Quando a deficiência pode entrar na suspeita
A falta de vitamina D pode ser considerada na investigação quando o sono ruim vem junto com sinais gerais ou fatores de risco. O diagnóstico, porém, depende de exame de sangue e avaliação clínica.
- Pouca exposição solar regular.
- Cansaço persistente e dor muscular sem causa clara.
- Idade avançada, obesidade ou pele mais escura.
- Doenças intestinais, renais ou uso de medicamentos que alteram a absorção.

O que diz um estudo científico
Segundo a revisão The role of vitamin D in sleep regulation: mechanisms, clinical advances, and future directions, publicada na Frontiers in Nutrition, a vitamina D pode participar da regulação do sono por mecanismos ligados a receptores no cérebro, inflamação, neurotransmissores e ritmo circadiano.
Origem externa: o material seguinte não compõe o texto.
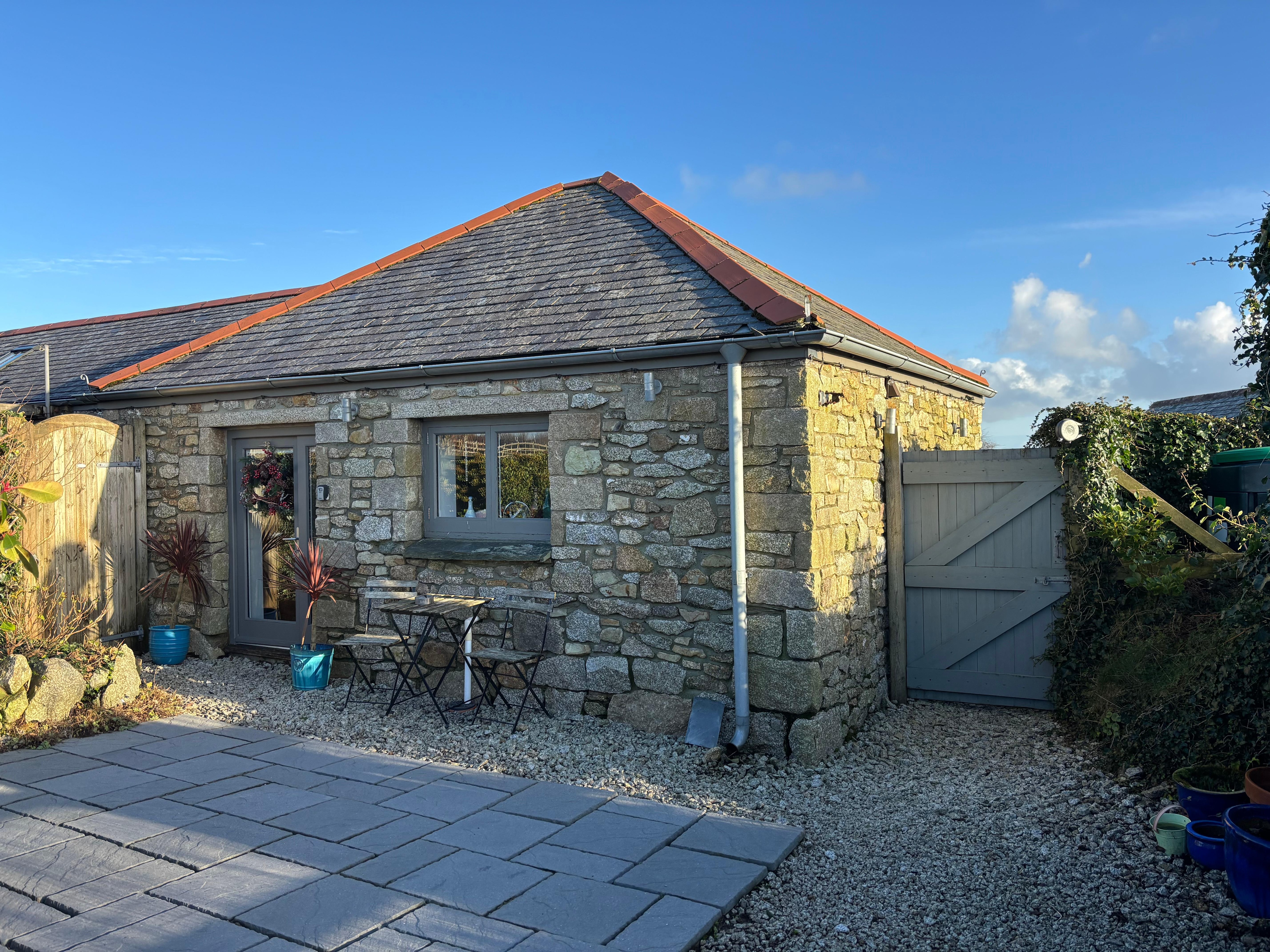 Rear view of patio showing kitchen window and living area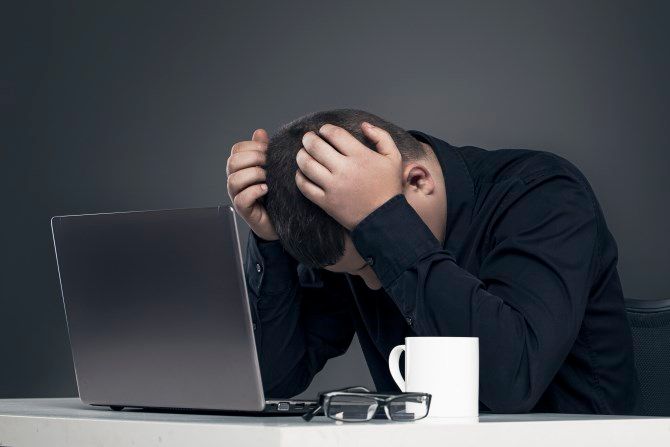 Man depressed with computer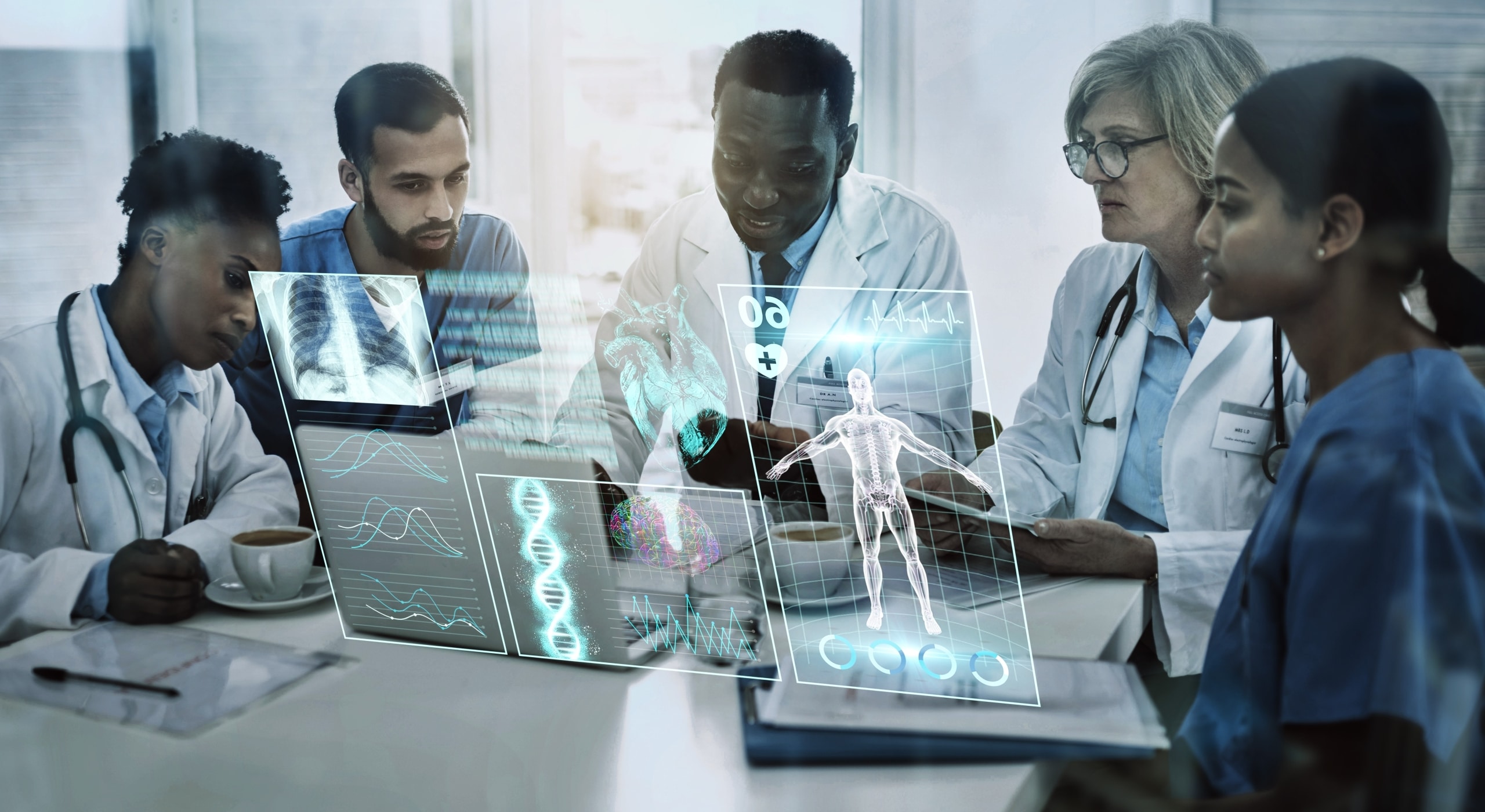 Group of medical professionals around a table with futuristic technology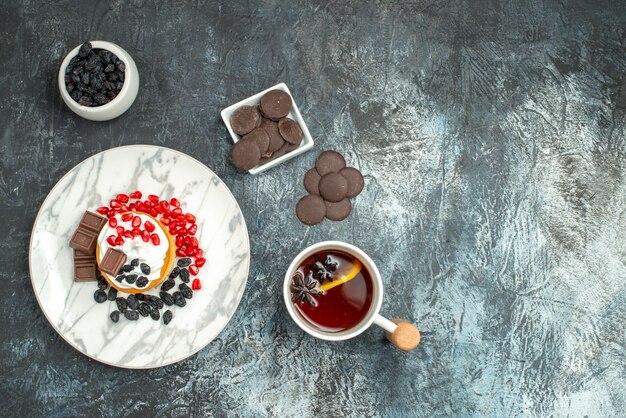 Top view yummy creamy cake with choco biscuits and cup of tea on light-dark background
A revisão também aponta que estudos clínicos sugerem melhora da qualidade do sono com suplementação em alguns grupos, mas os resultados ainda variam conforme dose, nível inicial de vitamina D, tempo de tratamento e características dos participantes. Portanto, a evidência é promissora, mas ainda não fecha uma recomendação única para todos.
Por que suplementar sem exame pode ser arriscado
Tomar vitamina D por conta própria pode parecer inofensivo, mas doses altas e prolongadas podem causar excesso no sangue, aumento de cálcio e problemas como náuseas, fraqueza, confusão, cálculos renais e alterações cardíacas.
- Faça exame antes de usar doses altas.
- Evite combinar vários suplementos com vitamina D.
- Informe ao médico se tem doença renal ou usa diuréticos.
- Não substitua investigação de insônia por suplementação.

Como investigar sono quebrado com segurança
Quando o sono é interrompido com frequência, é importante observar horário de dormir, cafeína, álcool, telas à noite, dor, ansiedade, roncos e pausas respiratórias. A vitamina D pode fazer parte da investigação, mas raramente é a única explicação.
Também vale conhecer os sintomas e cuidados relacionados à falta de vitamina D. O ideal é tratar a deficiência quando ela existe, ao mesmo tempo em que se corrige a rotina do sono e se investigam causas como apneia, depressão, refluxo ou medicamentos.
Este conteúdo é apenas informativo e não substitui a avaliação de um médico, nutricionista ou outro profissional de saúde.